三娘再次輕輕抽了一下手,發現沒抽動,于是就放棄了抵抗。輕笑著說道:“你放心,我真的沒事。何況你不是讓玉玲姐姐來告訴我,讓我等你嗎?我都懂的,你是為我好。”說完,她又輕輕抽了一下手,發現還是沒辦法抽動。
趙頊忽然低下頭,聲音啞啞的,里面似乎帶了些哭腔:“我不知道現在這樣到底對不對。不知道這樣冷著你到底對不對。只是我也不知道該如何護著你。可是看到邢妃那般,我就很害怕,我很怕他們也會那樣針對你。”說完他抬起眼睛看著三娘,眼睛潮潮的。

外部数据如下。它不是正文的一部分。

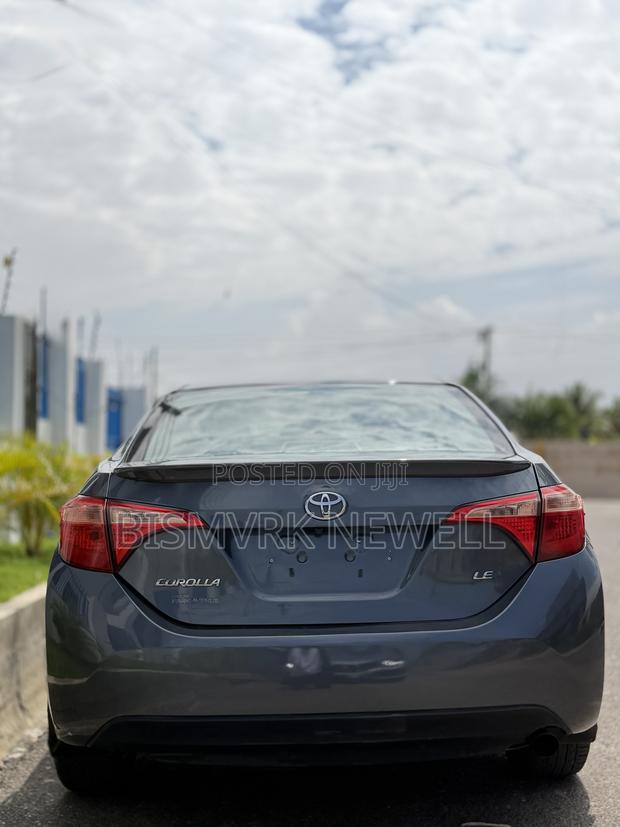 Toyota Corolla LE (1.8L 4cyl 2A) 2019 Gray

然后他轉開臉,不看三娘,聲音低了下去:“我覺得自己很沒用,前面的事情做不好,后宮的事情也亂七八糟……還委屈著你……”說到最后,他竟然說不下去了。
三娘心里也跟著潮濕起來,他知道趙頊只有在自己面前的時候才會露出這樣脆弱的一面。于是反手握著他的手,輕輕的拍著,安慰著說道:“我不委屈,也沒欺負我。后宮的事說到底也是皇后和太后需要操心的事。至于邢賢妃和孩子,是人為也好,是意外也好,你都盡力去查證了,也封賞了二皇子和邢賢妃。你做的很好了。沒有人是萬能的,也沒有人能做完所有的事,更不要要求自己事事做的完美。你只是一個人,是一個有責任心的人,是一個溫柔的人。所以你才會難受、才會自責。但是這些事都不怪你,你做的很好了,無須自責……”她是聲音好像涓涓的溪流,慢慢的流淌進入著趙頊的心,讓他漸漸安定下來。

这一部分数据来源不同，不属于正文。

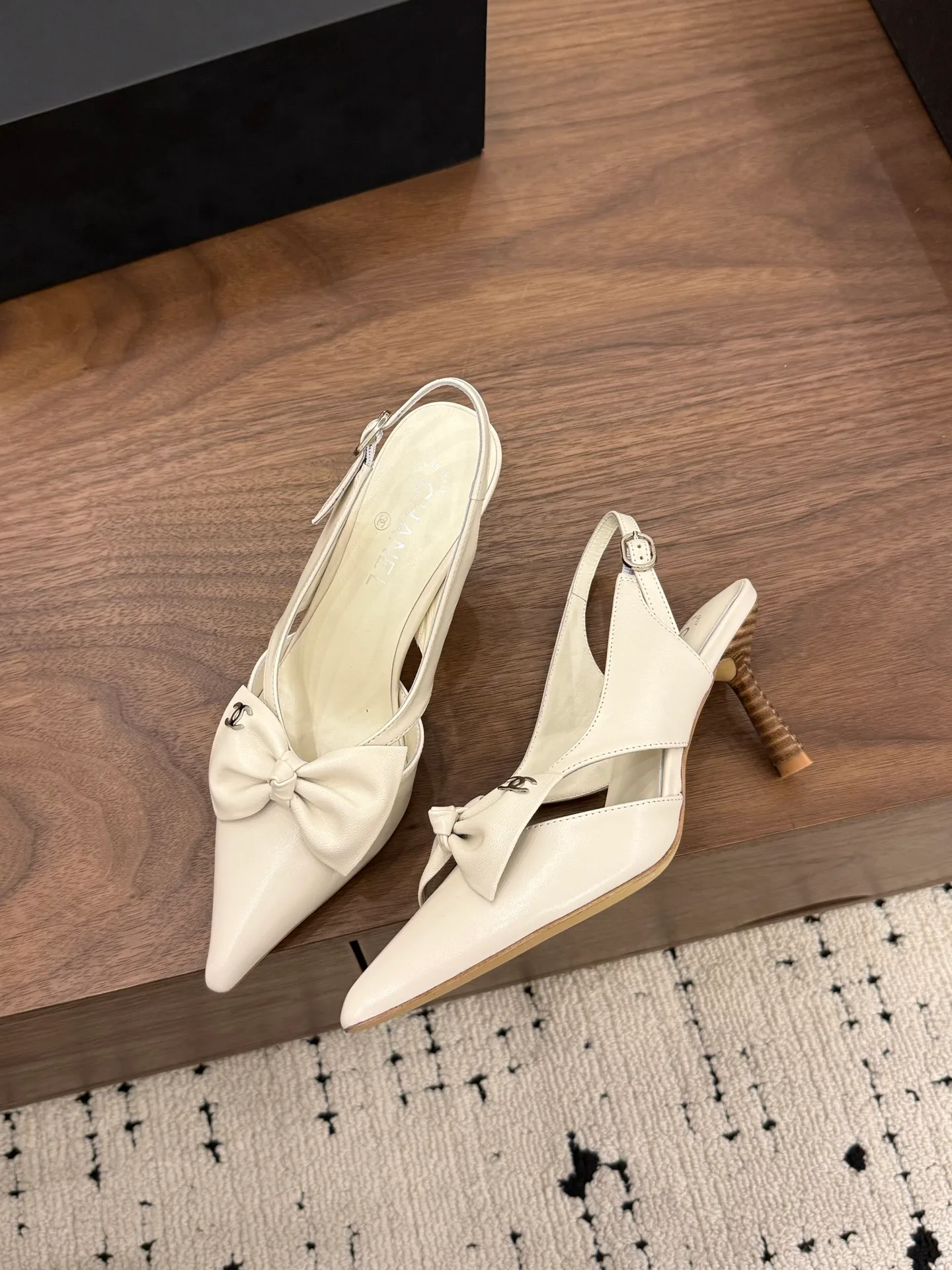 Туфли Женские Chanel 12188795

趙頊很喜歡這種感覺,就好像孱弱的秧苗遇到了春日的陽光照耀,或者是干渴的魚忽然被放回了河流,再或者是難熬的仲夏星夜吹到了涼爽的風。他不語的看著三娘,只將她的手握的更緊。
三娘見他不說話,就繼續說著:“我的事你不用擔心,你只要在前朝安心便是。你本來就是有大抱負的人,我相信你可以實現你的理想。只是,若是政務上不順利,你可以多和王安石大人、還有那個章狀元大人聊聊。再有事情,你可以找楊家大哥和我大哥聊聊,他們應該也能幫你些。”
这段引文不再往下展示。